Seyit Jemaletdin Mosque
Seyit Jemaletdin Mosque. Among the small number of Timurid-era monuments on the territory of Turkmenistan, the mosque of Seyit Jemaletdin in Anau stanza out as the most brilliant. According to inscriptions on its facades and interior, it was built when Khoresm was ruled by Abu Kasim Baber Bahadurhan (1446-1457). Its construction was financed by his vizir, Muhammed Khudaiot, who chose a site near the grave of his father, Jemaletdin.
Monumental Sites of Turkmenistan
One curious feature of the mosque is the mosaic above the entrance arch, depicting two enormous 8-9m high dragons facing each other. Their vivid yellow bodies contrast sharply with the deep blue mosaic background depicted on the facades of Central Asian buildings - especially religious structures. These were in sharp contradiction to the late-Islamic ban against depicting any living being in art. There has as yet been no fully satisfactory explanation for this curious detail above the entrance to the Anau mosque. The mosque is located 12km to the southeast of Ashgabat. The original mosque was completely destroyed in the 1948 earthquake.
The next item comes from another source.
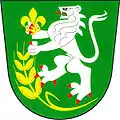 Znak obce Polerady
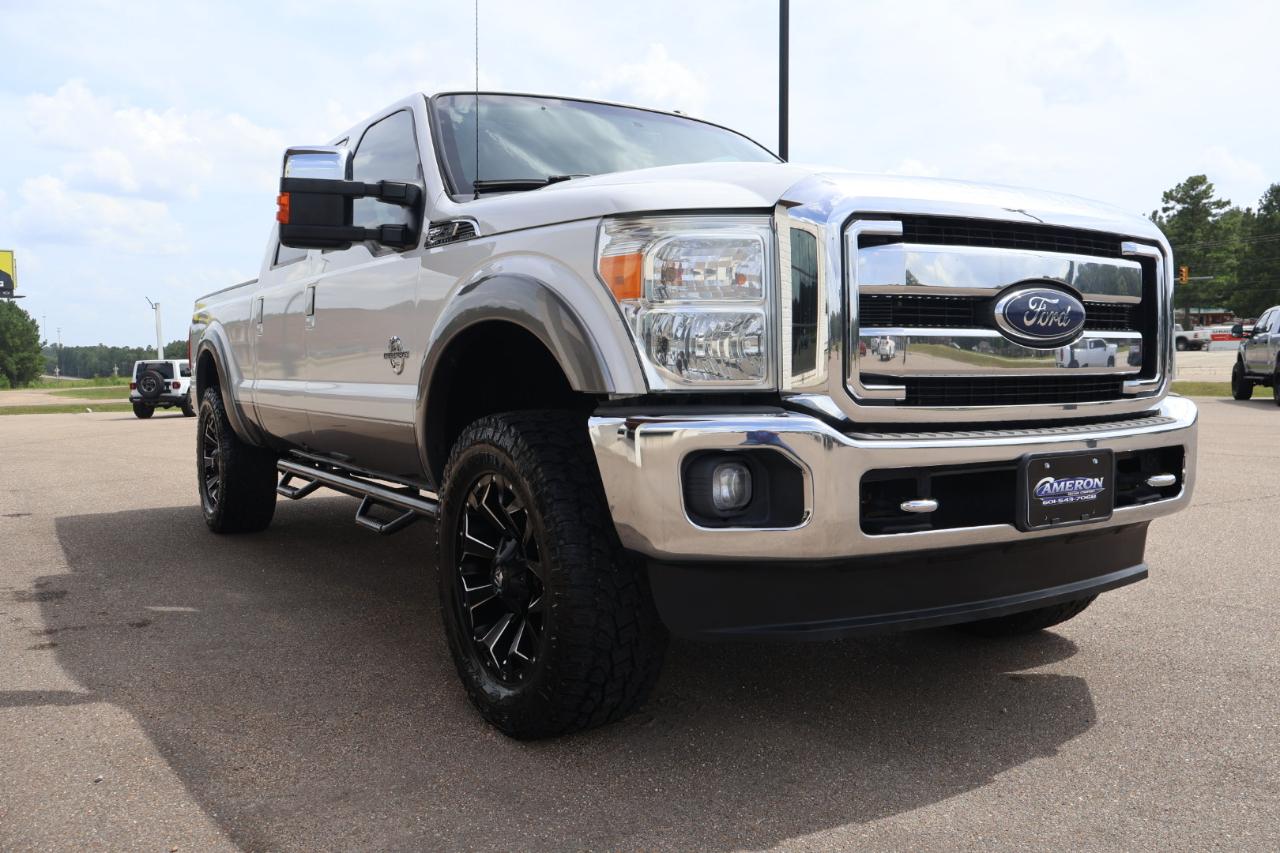 Ford F250SD Lariat Crew Cab 4WD 2014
There are many folk legends connected with these dragons. One of them tells how a kind hearted queen lived long ago in the fortress, to which the people often brought their requests. They rang a bell hanging by the gates; when they heard the ringing bell, her servants would open the gates, listen to these requests, and give assistance to their petitioners.
One day, the bell rang out loudly for longer than usual. The servants rushed to the gates and saw an enormous dragon ringing the bell with a beseeching look, without harming a soul. Somehow, he was able to explain that his mate needed help. The servants followed the dragon into the mountains and freed his mate from a goat whose horns had gotten caught in her mouth. In gratitude, both dragons brought many objects of great value to the fortress gates, and the queen ordered a magnificent mosque to be built for them. In this way the two dragons were immortalized on the mosque's entranceway.